- [YOUR TASK] All pictures are to be skipped; retype only the lines from the top of the entries through the line with "Bubble Bees! Bubble", both included.

- [INPUT DATA]
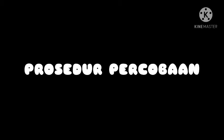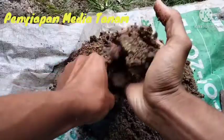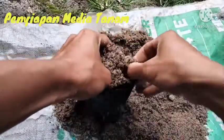Prosedur percobaan. Disiapkan bak perkecambahan atau poliwik dan diisi dengan pasir sebagai media tanah.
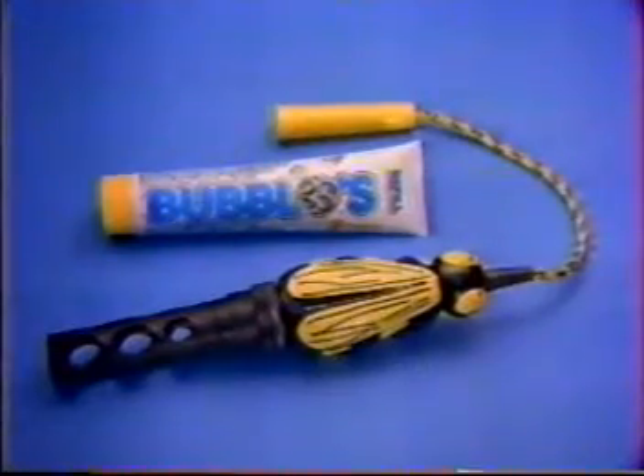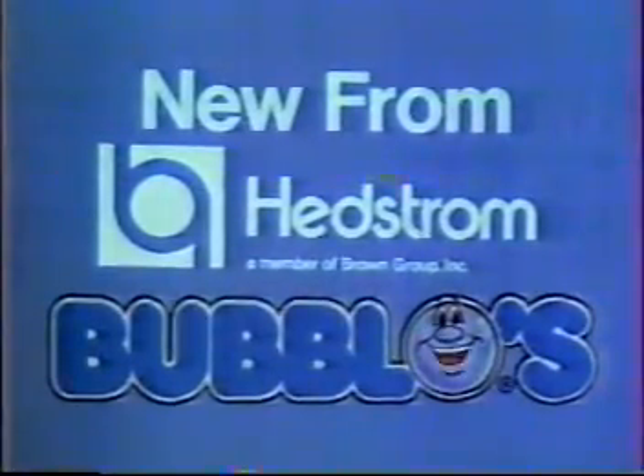Bubble Bees! Bubble Bee comes complete with a 5-ounce tube of Bubble O's. Refills also available. New from Headstrom. Bubble O's!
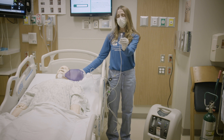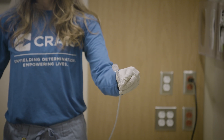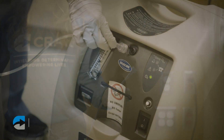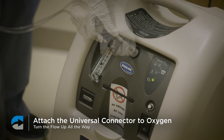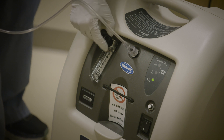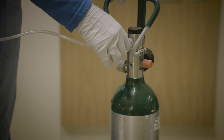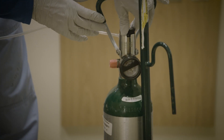The manual resuscitator has a long tube with a universal connector on the end. The connector will fit onto any oxygen compressor or tank. Secure the end of the tube to the connection point on the compressor. If you have an oxygen tank, the tube connects to the tank in the same way. Connect the tube, then turn the flow all the way up.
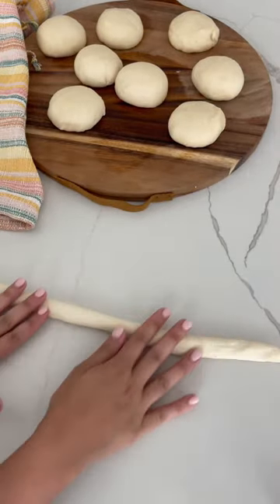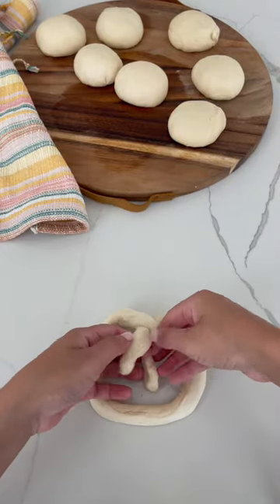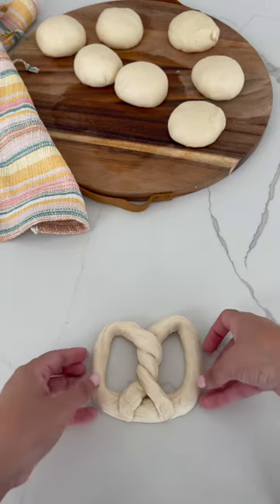Once resting is done, you can start creating your pretzel shapes. After you roll them out, create a U-shape, cross it over, and give it that little twist, making sure everything is tucked in so nothing will fall apart.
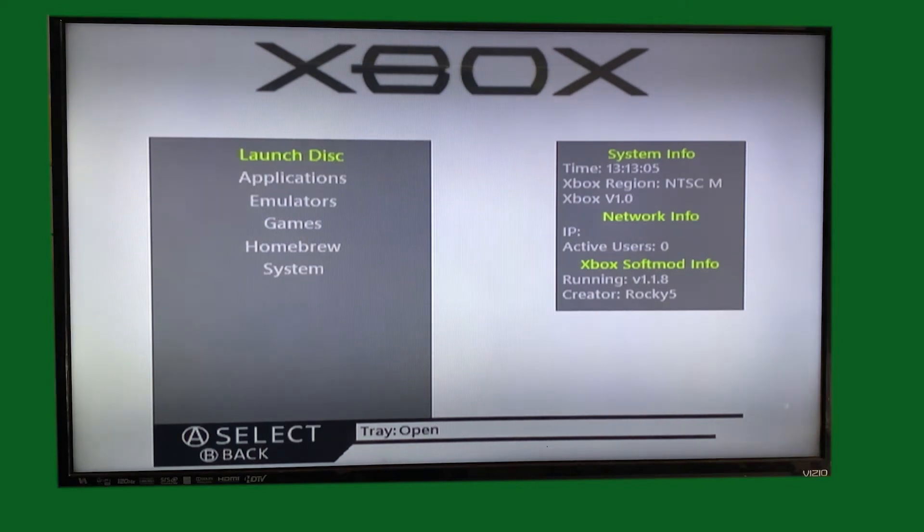Your Xbox has now been soft modded successfully! There are a ton of options available here which I'm not going to cover in this video, but I will be making another video where I do cover those.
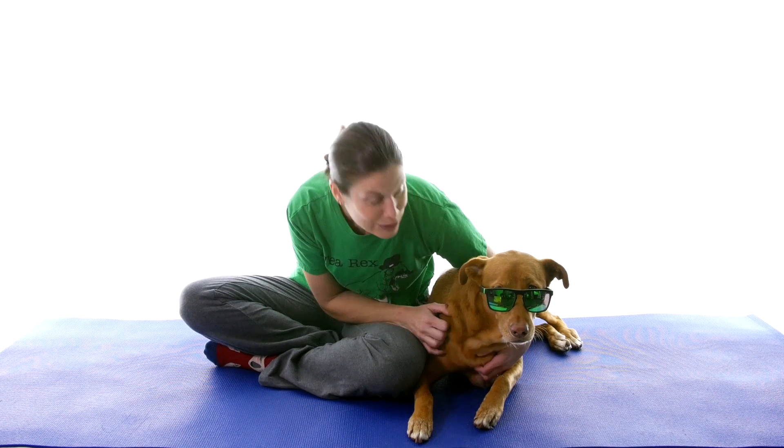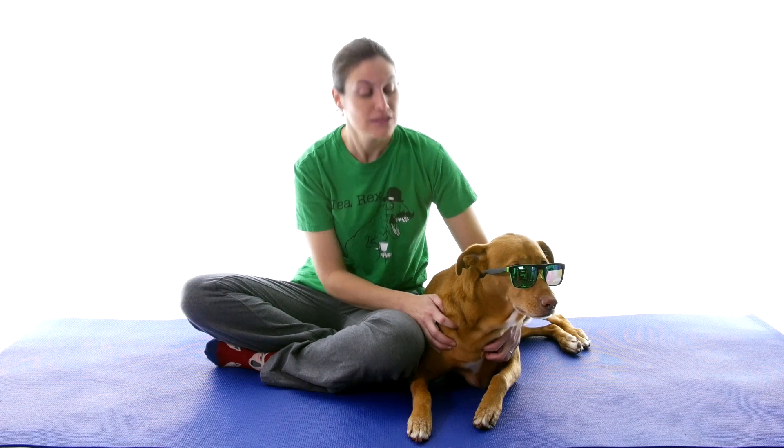Hey everybody, it's Dr. Jo and Remy, and Remy says don't crack your back, do these seven stretches and exercises instead. So let's get started.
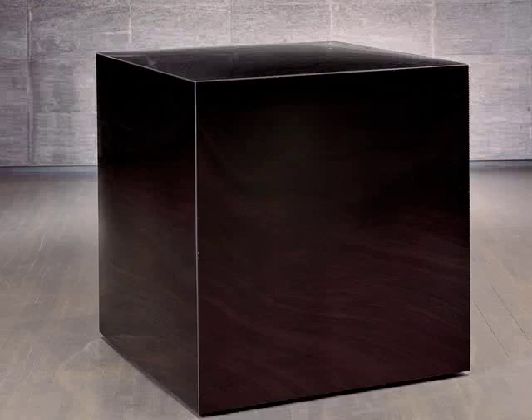This is a sculpture by the Czech artist Marian Karel, a student of Stanislav Lebensky. Marian Karel also uses geometric forms for his sculptures. What you are looking at is a large black cube, but it is not just a cube.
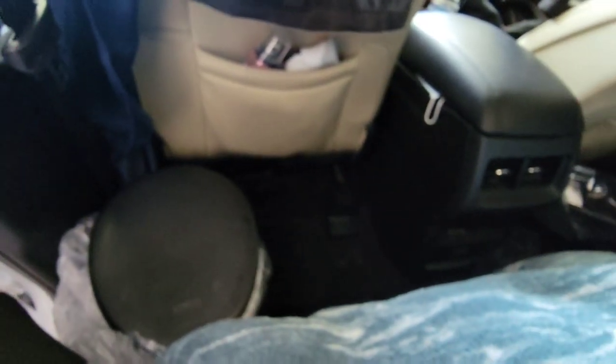This is where I place it and where it stays. I turn it to the position I need when it's to be used, otherwise it stays right there. I still have plenty of foot room to get in and out.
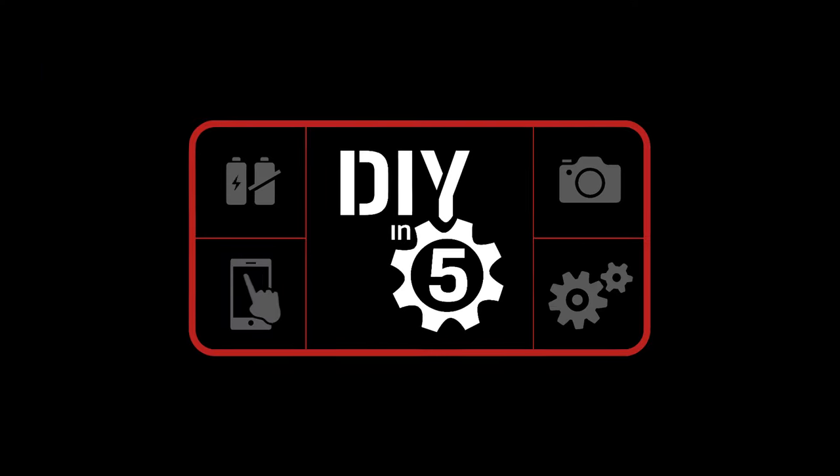Alright, time to see if all the hard work has paid off. Hello DIY PC Builders, I'm Trisha Hershberger and you're watching DIY in 5, the show where we make high-tech goals attainable for the everyday person.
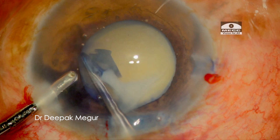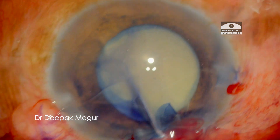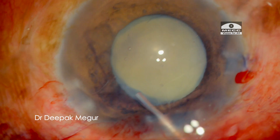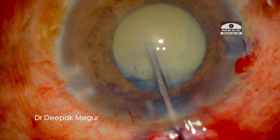The real challenge will be during the nucleus management, since the nucleus will be free-floating and will not have any epinuclear cushion, and the capsular bag and the zonules in this elderly patient will be weak.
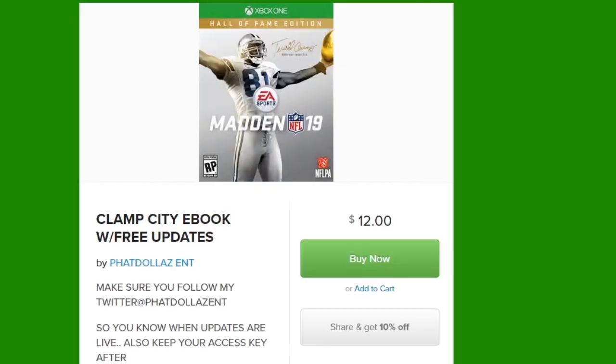What's up gamers? Welcome to the best Madden 19 channel. You can see on the screen Clamp City ebook with free updates. We also got a promotion going right now and you can get 10% off just by sharing or retweeting. Make sure you get these free updates all year — you can't beat it.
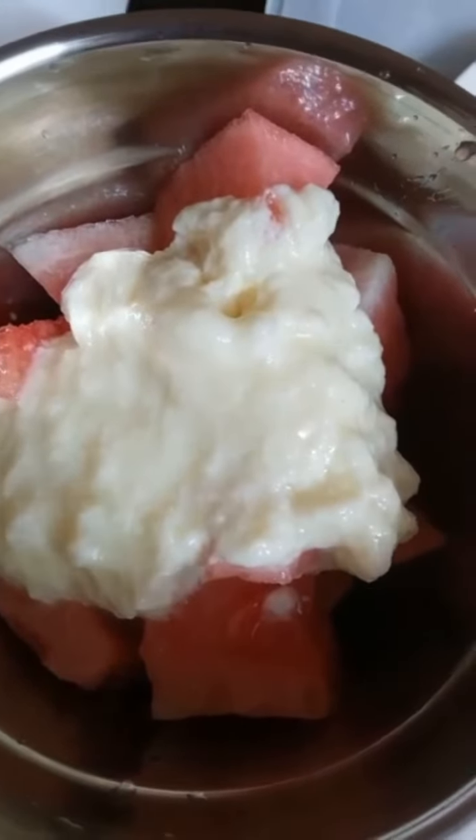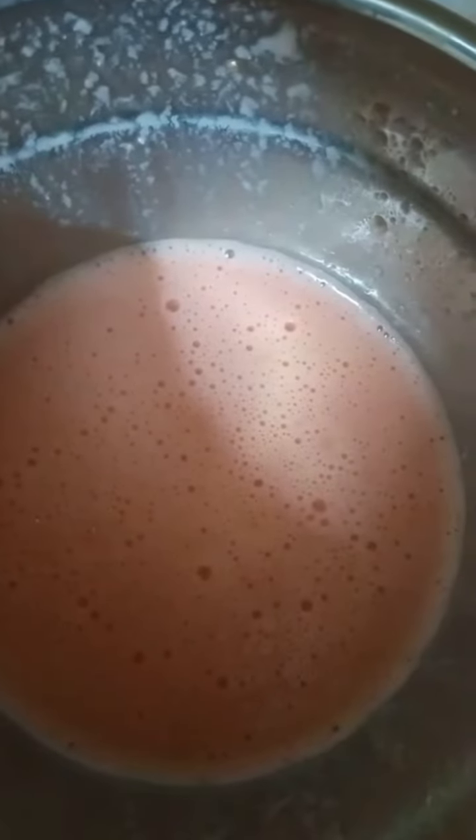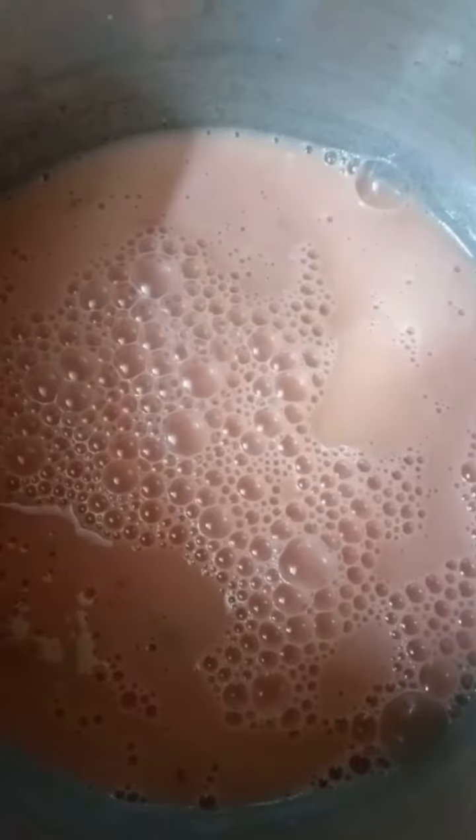We are using blend form. I put my hand in a form of water.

- [ANSWER SPACE]
Prosedur percobaan. Disiapkan bak perkecambahan atau poliwik dan diisi dengan pasir sebagai media tanah.
Bubble Bees! Bubble Bee comes complete with a 5-ounce tube of Bubble O's. Refills also available. New from Headstrom. Bubble O's!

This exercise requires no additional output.